Next, you want to stretch your hamstrings. It is very important to use correct technique when stretching. If you don’t you will not be getting the desired stretch, and even worse you could hurt yourself more than help. The first stretch will be on your back again. Grab the back of your thigh, and bring your hip to about 90 degrees. Slowly start to straighten your leg until you feel a good stretch as seen in the video. Not everyone will be able to straighten their knee completely. Do three sets of 30 seconds on each side. If your legs starts to shake and it is too hard to hold up, try using a belt or dog leash to help hold the stretch. This time you want to keep your leg straight the whole time. Try not to bend your knee, and gently pull your leg towards your head until you feel a good stretch.

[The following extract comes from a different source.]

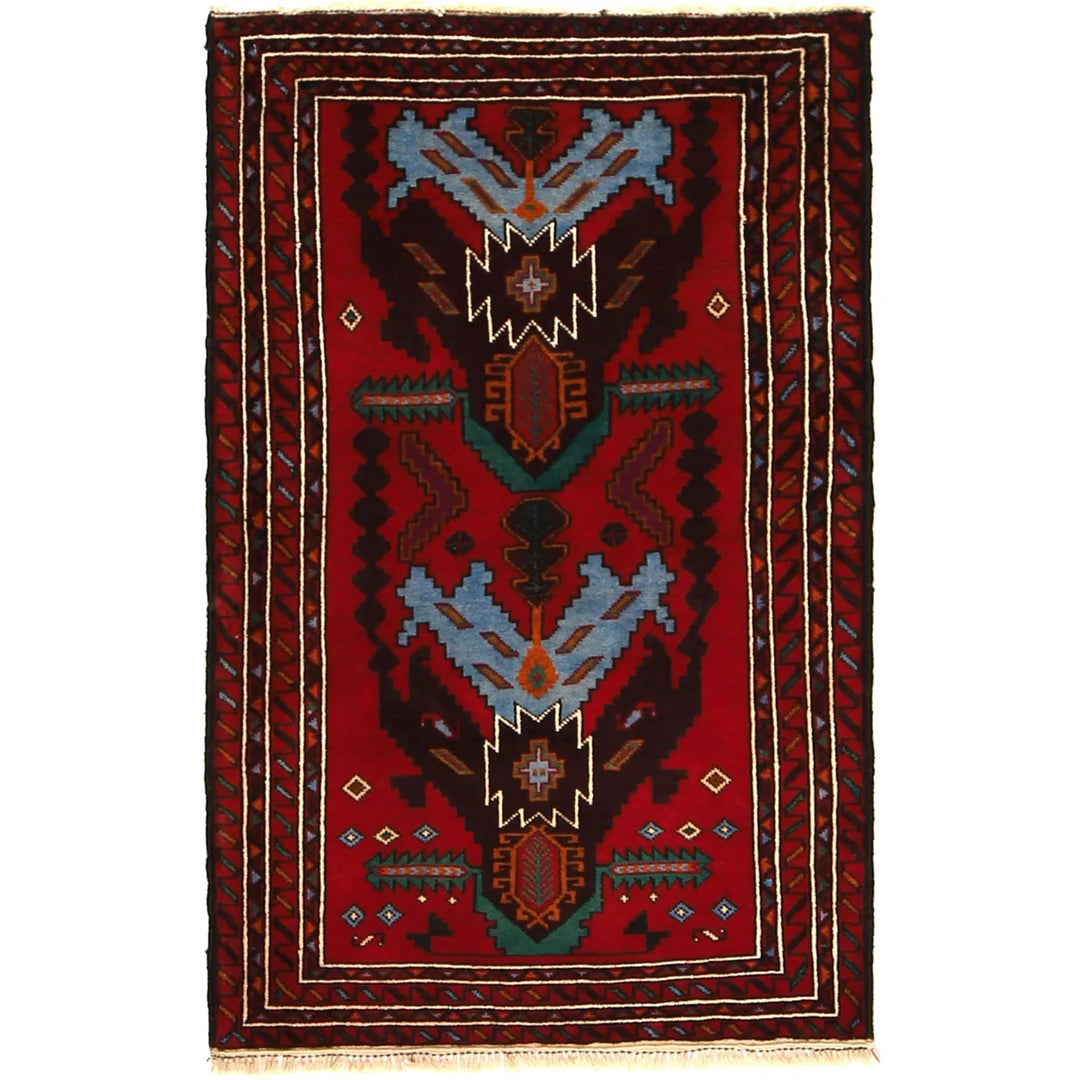 Afghan Baluchi Rug 2' 10" x 4' 6" Hand-Knotted | No. AL18436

Now you will see some stretches sitting up. The most important part of this stretch is to keep your back straight. Many people try to curl their backs to be able to touch their toes. Your hamstrings are attached to what is called the ischial tuberosity, or your butt bone. So if you bend at your back, you are not going to get a good hamstring stretch. Try to bend at your hips.
These stretches you will turn over onto all fours, or quadruped. The cat stretch is performed by tucking your chin in and arching your back. You can hold this for 30 seconds and do it three times. Then you will go into the prayer stretch position. Bring your butt back onto your heels, and keep your arms straight out. Relax your head down to the ground.
The last stretch is called the pelvic tilt. You will roll back onto your back with your knees bent. You want to imagine pushing your belly button into the ground, or push your back flat onto the ground like you are squishing something. You can put your hand under the curve of your back, and try to push your back into your hand. Make sure you are breathing and not holding your breath while doing these exercises!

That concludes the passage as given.